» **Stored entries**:
---+---

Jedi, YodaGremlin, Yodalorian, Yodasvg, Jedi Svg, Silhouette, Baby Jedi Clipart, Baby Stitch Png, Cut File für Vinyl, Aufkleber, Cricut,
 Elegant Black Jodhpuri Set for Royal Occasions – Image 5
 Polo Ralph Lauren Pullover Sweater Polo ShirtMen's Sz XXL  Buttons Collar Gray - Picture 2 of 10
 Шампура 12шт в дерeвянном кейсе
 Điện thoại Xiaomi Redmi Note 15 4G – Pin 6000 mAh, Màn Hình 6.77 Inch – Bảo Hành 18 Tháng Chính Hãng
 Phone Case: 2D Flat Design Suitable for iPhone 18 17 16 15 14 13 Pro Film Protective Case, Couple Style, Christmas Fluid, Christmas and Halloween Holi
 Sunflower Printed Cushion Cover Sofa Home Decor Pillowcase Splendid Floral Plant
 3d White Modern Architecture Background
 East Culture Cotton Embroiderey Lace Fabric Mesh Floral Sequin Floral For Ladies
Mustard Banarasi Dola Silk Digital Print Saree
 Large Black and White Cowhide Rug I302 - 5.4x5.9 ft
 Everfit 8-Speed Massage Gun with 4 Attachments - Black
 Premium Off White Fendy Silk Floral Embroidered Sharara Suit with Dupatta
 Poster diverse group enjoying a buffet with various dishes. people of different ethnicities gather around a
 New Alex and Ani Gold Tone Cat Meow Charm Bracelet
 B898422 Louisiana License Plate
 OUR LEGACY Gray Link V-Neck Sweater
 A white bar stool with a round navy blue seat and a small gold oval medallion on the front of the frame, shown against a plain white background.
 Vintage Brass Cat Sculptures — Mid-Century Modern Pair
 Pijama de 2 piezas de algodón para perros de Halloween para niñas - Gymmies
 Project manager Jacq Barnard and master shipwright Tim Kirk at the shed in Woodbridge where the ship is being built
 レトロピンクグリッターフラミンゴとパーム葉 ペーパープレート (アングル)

---+---

» **WHAT THE TASK REQUIRES**: Within the data above, the lines from the one with "Điện thoại Xiaomi" to the one with "OUR LEGACY Gray Link V-Neck Sweater" must be repeated exactly; no other line belongs in the answer.

» **REPLY TO THE TASK**:
 Điện thoại Xiaomi Redmi Note 15 4G – Pin 6000 mAh, Màn Hình 6.77 Inch – Bảo Hành 18 Tháng Chính Hãng
 Phone Case: 2D Flat Design Suitable for iPhone 18 17 16 15 14 13 Pro Film Protective Case, Couple Style, Christmas Fluid, Christmas and Halloween Holi
 Sunflower Printed Cushion Cover Sofa Home Decor Pillowcase Splendid Floral Plant
 3d White Modern Architecture Background
 East Culture Cotton Embroiderey Lace Fabric Mesh Floral Sequin Floral For Ladies
Mustard Banarasi Dola Silk Digital Print Saree
 Large Black and White Cowhide Rug I302 - 5.4x5.9 ft
 Everfit 8-Speed Massage Gun with 4 Attachments - Black
 Premium Off White Fendy Silk Floral Embroidered Sharara Suit with Dupatta
 Poster diverse group enjoying a buffet with various dishes. people of different ethnicities gather around a
 New Alex and Ani Gold Tone Cat Meow Charm Bracelet
 B898422 Louisiana License Plate
 OUR LEGACY Gray Link V-Neck Sweater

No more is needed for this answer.